## 1. Introduction

[2] The atmospheric boundary layer is the region of the atmosphere closest to the surface of the Earth and directly impacted by the surface fluxes of momentum, sensible heat, water vapor, and several gases of interest in air pollution and biogeochemical studies [*Brutsaert*, 1982; *Stull*, 1988; *Garratt*, 1994; *Seinfeld and Pandis*, 1998]. Therefore, the connection between the ABL features and the regional, or basin-wide, surface fluxes is evident: understanding the ABL is essential for identifying the relevant scales of most hydrological problems; to decide which processes to represent explicitly, and which to parameterize, and more generally for improving our hydrological models, as made clear by *Brutsaert* [1986].

[3] Most of the time, the ABL is turbulent, particularly in the case of the convective, daytime boundary layer, when the surface fluxes are largest. Then, prompted by the practical needs of hydrology, one is naturally drawn into studying ABL turbulence, a situation not unlike many other cases where engineering demands motivated the advancement of fluid mechanics. The archetypal flow is the turbulent boundary layer (originally studied for pipes and channels, see, e.g., *Darrigol* [2005]), which not only gives the name to the ABL but is the starting point for many concepts that prove fruitful also for atmospheric turbulence.

[4] As it happens with many researchers, the approaches used by Wilfried Brutsaert and his collaborators to a better understanding of atmospheric turbulence that we will be reviewing here follow many of the early paths taken by fluid dynamicists to study turbulent flows. At the same time, however, they added substantial improvements as these approaches needed adaptation to the particularities of the ABL: its inherent nonstationarity, the surface geometry imposed by nature, the surface spatial inhomogeneities, the effects of buoyancy, and many other facets, all required a concerted effort to adapt, and sometimes create, the concepts needed to model ABL turbulence.

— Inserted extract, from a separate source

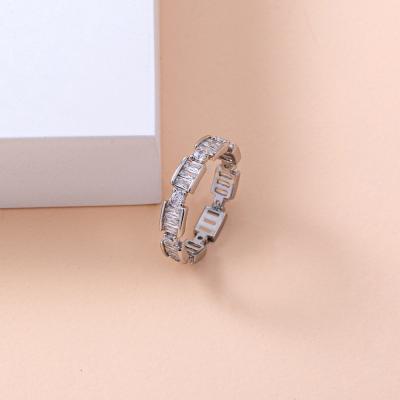 China High Quality High Quality Women Inlaid Zircon Rings Silver Plated Square Zircon Ring For Couples for sale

[5] The focus of the present work is atmospheric turbulence itself. Thus, in section 2, we review the results derived from semi-emipircal, or K-theory, for the behavior of surfaces ranging from evaporating pans to natural lakes, as well as insights on the form of the turbulent diffusivity tensor itself. In section 3, we review contributions to the parameterization of scalar mass and heat-transfer coefficients with the identification of scalar roughnesses different from those for momentum. Section 4 gives a brief overview of results concerning the relative importance and direct dissipative effects of longwave radiation in ABL turbulence. Section 5 deals with results for the stable surface layer and section 6 with the important issue of how different the turbulent transport characteristics of two scalars are. In a sense, this is a development of the ideas started with the so-called Reynolds' analogy [*Reynolds*, 1900] to the study of turbulent transfer of different scalars. Section 7 then deals with results for the convective boundary layer and its interface with the top of the surface layer where local free convective conditions prevail. They are also related to drag, mass, and heat transfer equations for turbulent flow in pipes and channels, as well as by the matching techniques developed for the turbulent boundary layer, starting with *Milikan* [1938]. Some brief concluding remarks are given in section 8.